Thank you so much for the wisdom. I wholeheartedly agree that a home is not an investment. It's speculation. While my intention is to one day own my home outright, I don't want to sacrifice "investments" that are making me money. I made that mistake in January where I dumped off 40 oz. of gold at $1063/oz (cost basis $894) only to watch it rise some $300 since.

Your comments speak to me and they make sense.

My thoughts behind putting more down on my home was really only to increase cash flow on a monthly basis and minimize what I have going out. We normally run anywhere from $1500 to $2000 surplus per month out of our checking account after all of our expenses and contributions to 401k (15 percent).

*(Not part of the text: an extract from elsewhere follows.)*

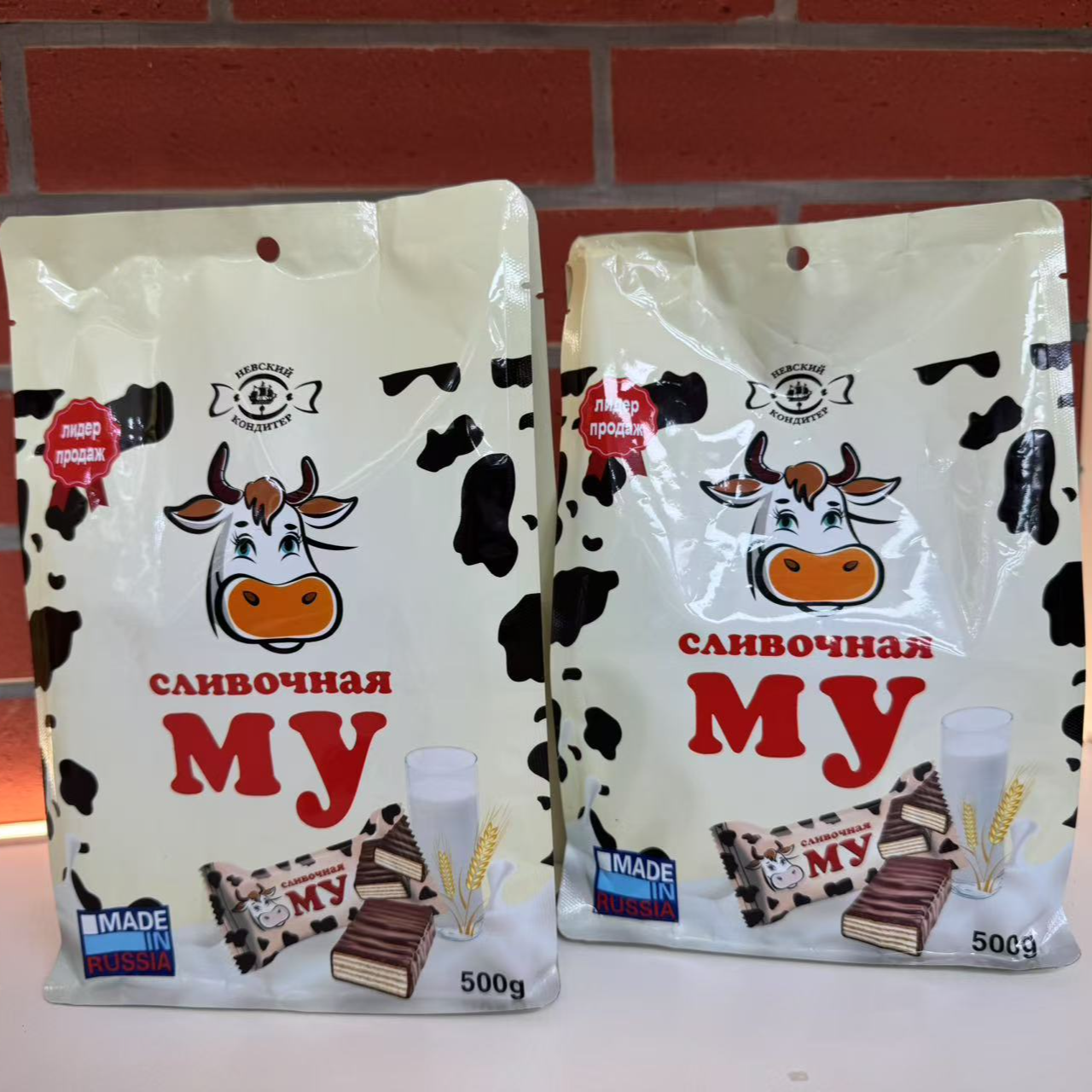 俄罗斯进口大牛威化饼干500克美味零食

The purchase of this home back in Houston is likely going to cut down my "free cash flow" to some $1000 to $1500/mo after all expenses and 401k contributions, which we should be able to handle just fine, but I did wonder whether in this case it made sense to dump metals. As far as rainy day funds, we have substantial cash reserves, and will continue to have a healthy safety net even after I pony up ~$60,000 at closing.

What I'm wondering, however, is at what point does the Fed printing money have the reverse effect they're hoping it will? It seems to me that the more money is printed, the more people are spooked by buying gov't bonds. The more spooked they are, the higher the default risk premium they'll require. Can the government really keep rates low sustainably through quantititative easing?


TAF

[This message has been edited by RightWingConspirator (edited 12/15/2010 5:24p).]